Parallèlement, mes recherches portent aussi sur le magnétisme, ce qui m’a conduit à essayer de combiner l’étude de la diffusion de la chaleur avec la résonance paramagnétique électronique. Cette technique, bien que présentant un signal variant avec la température, n'a jamais été envisagée comme sonde thermique. Elle pourrait cependant fournir des données expérimentales inédites et, surtout, permettre une mesure multi-points incluant la température du cœur la plus difficile d’accès. Ce projet vise à démontrer la sensibilité de ce « thermomètre » et la faisabilité et la fiabilité de ce type de mesure.
Quelles pourraient-en être les principales retombées ?

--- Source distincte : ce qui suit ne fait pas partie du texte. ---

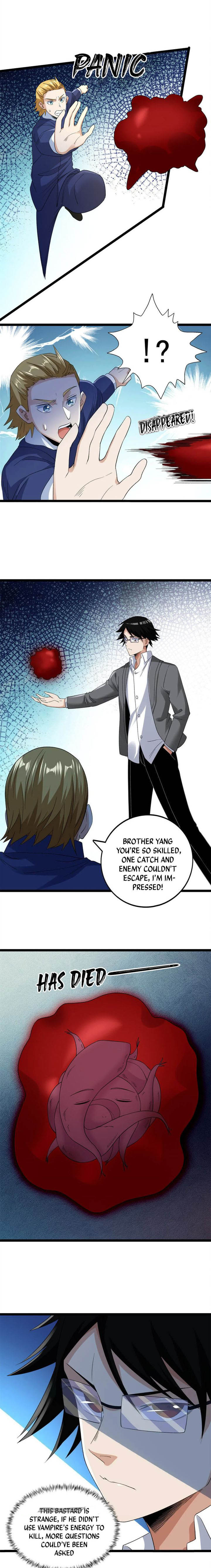 I Can Snatch 999 Types Of Abilities 131 6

Comme évoqué précédemment, le contrôle et la mesure de la température sont essentiels en science, que ce soit en médecine, biologie, chimie ou physique. La température est souvent stabilisée pour permettre le bon fonctionnement de machines ultrasensibles, conserver des agents biologiques, ou contrôler des réactions chimiques. Cependant, une élévation de température localisée à l’échelle nanométrique dans un environnement froid peut ouvrir de nouveaux champs d’investigation. En médecine par exemple, maîtriser la température à l’échelle nanométrique permettrait d'optimiser le traitement du cancer par hyperthermie en ciblant uniquement les cellules cancéreuses. On pourrait également envisager de libérer des molécules d’intérêt par simple activation thermique. En chimie, ces gradients de température à l’échelle nanométrique pourraient être utilisés pour activer thermiquement des réactions dans des volumes ultra-réduits facilitant des synthèses de haute précision.

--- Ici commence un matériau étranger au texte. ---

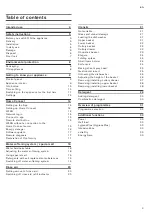 Preview for 3 page of Gaggenau DI260112CN Instruction Manual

Pour que ces applications soient pleinement réalisables, il reste cependant essentiel de mieux comprendre comment la chaleur se diffuse à l’échelle nanométrique. Et il est donc crucial de développer de nouvelles techniques de mesure de nanothermométrie.
Rédacteur : CCdM
- 1Un atome ou un ion paramagnétique possède un moment magnétique non nul dû à la présence d électrons non appariés dans ses orbitales atomiques. Ces électrons non appariés génèrent un moment magnétique intrinsèque, qui rend l élément sensible au champ magnétique externe utilisé en spectroscopie de résonance paramagnétique électronique.